# Open external sd card



## junjlo (Oct 1, 2011)

Anyone able to open the external sd card can't get too it through root explorer

Sent from my SCH-I535 using RootzWiki


----------



## PhantomGamers (Sep 27, 2011)

I read it was like /extsdcard/, anything like that in root explorer?


----------



## bigmook (Jun 6, 2011)

Look under mnt. It is therethere

Sent from my SCH-I535 using Tapatalk 2


----------



## romyg (Oct 9, 2011)

It's at /mnt/extSdCard
Took me a little to find it, too!


----------



## goldsmitht (Jun 13, 2011)

so if the directions say place rom on external sd card, this is where we put it? And if i wipe data, does it delete what is in the sdcard?


----------



## Jaxidian (Jun 6, 2011)

goldsmitht said:


> so if the directions say place rom on external sd card, this is where we put it? And if i wipe data, does it delete what is in the sdcard?

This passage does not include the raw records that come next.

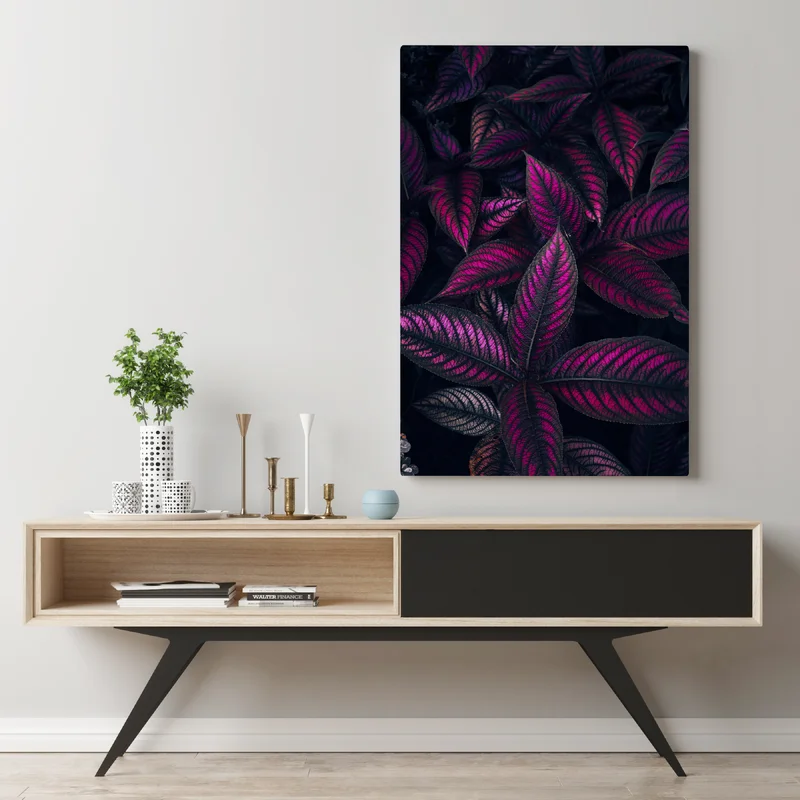 Leinwandbild leuchtendes violettes blättermotiv • Leinwandbilder bei Wallnifity® Leinwandbild leuchtendes violettes blättermotiv • Leinwandbilder bei Wallnifity®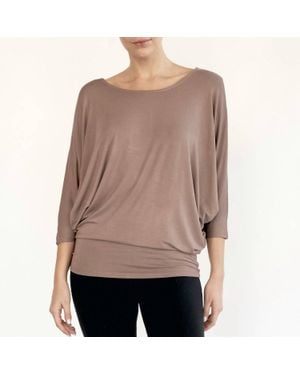 BijouRocks Bamboo Dolman Drape Top - Brown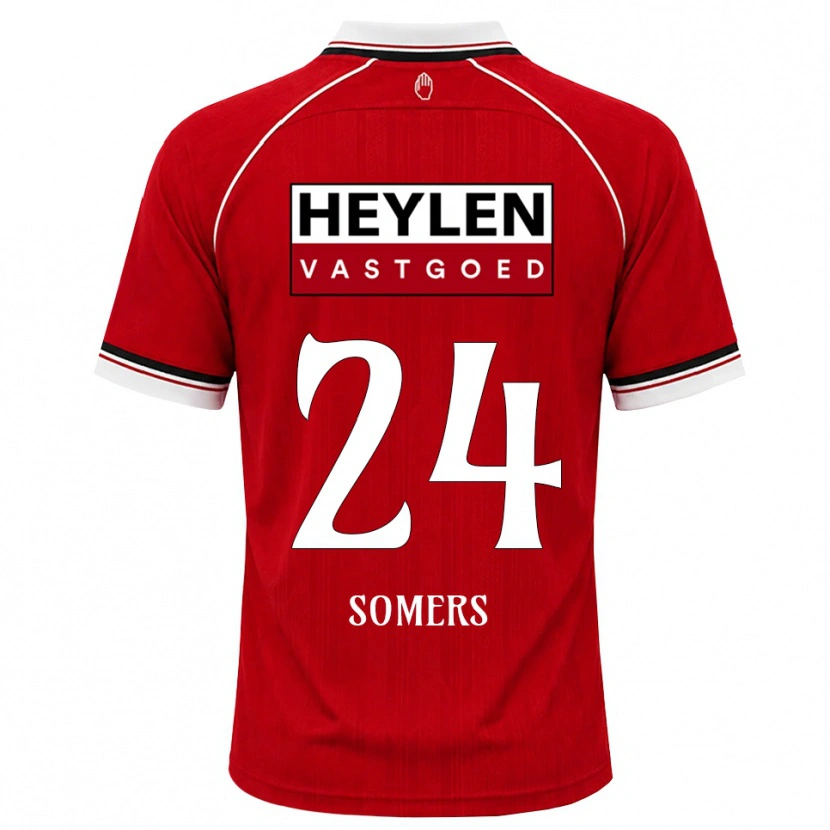 Danxen Kinder Thibo Somers #24 Rot Weiß Schwarz Heimtrikot Trikot 2026/27 T-Shirt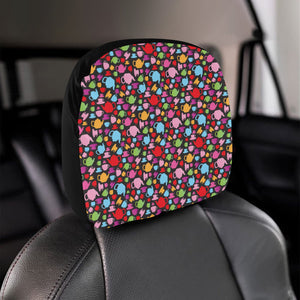 Tea pots Pattern Print Design 01 Car Headrest Cover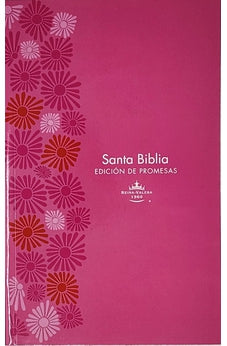 Biblia RVR 1960 de Promesas Letra Grande Rosada Flores Rústica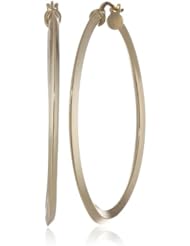 Goldtone Finish Silver Knife Edge Hoop Earrings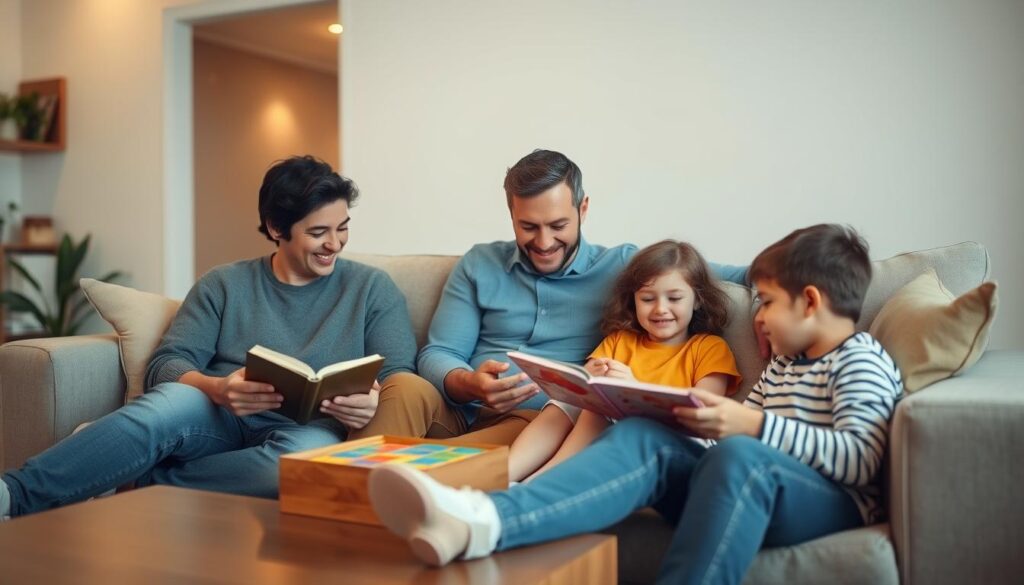 Família relaxando em casa após resolução de problema com barulho excessivo de vizinhos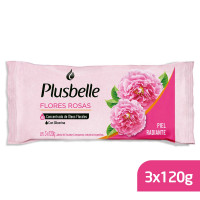 PLUSBELLE JAB. FLORES ROSAS 3X120 G                                   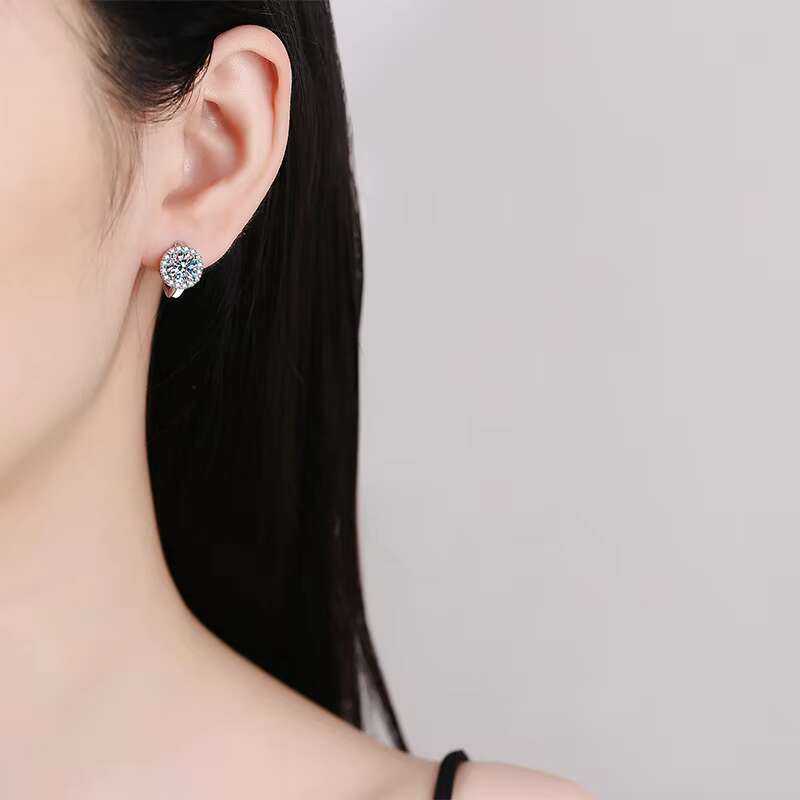 PYQ Halo Large Sier Hoop Fashion Jewelry Girls Moissanite Stud Earrings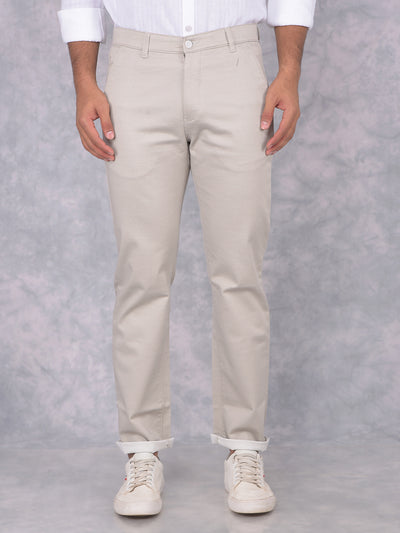 Cream Straight Trousers-Men Trousers-Crimsoune Club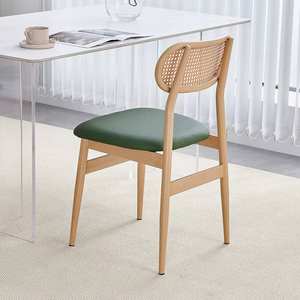 Sillas de Diseño Moderno, Silla de Comedor de Madera Maciza con Respaldo Tejido de Ratán para el Hogar y la Cocina - Product Image 2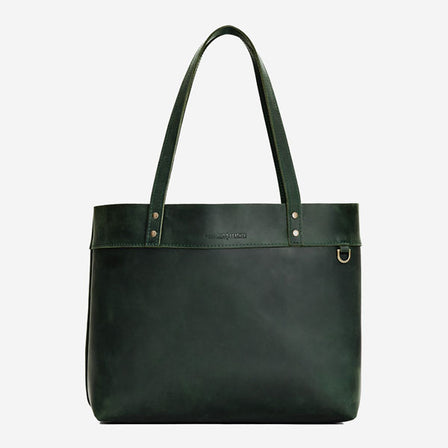 Evergreen*Medium*Classic | Leather tote bag with riveted straps and exterior key loop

Depends on what your recovery supports. Some support the real external SD Card while others only support the virtual internal SD Card. If you're unsure, put it on the internal one - pretty much all of them support that.

As for where it is under /mnt, this depends on what ROM you're running. It's different on TW vs AOSP. One is /mnt/extSdCard while the other is something like /mnt/sdcard_ext or something like that.


----------



## fsx100 (Jun 11, 2012)

I was about to post a new topic of the same/ similar nature.

A) I couldn't find my 16gb micro Sd card in Root explorer. (now found, thanks)... But.








running the stock At&t Rom (Rooted), *I have no App2Sd*.

Is B normal on a S3 w/ stock Rom? Or am I missing something?

Sent from my cm_tenderloin using Tapatalk


----------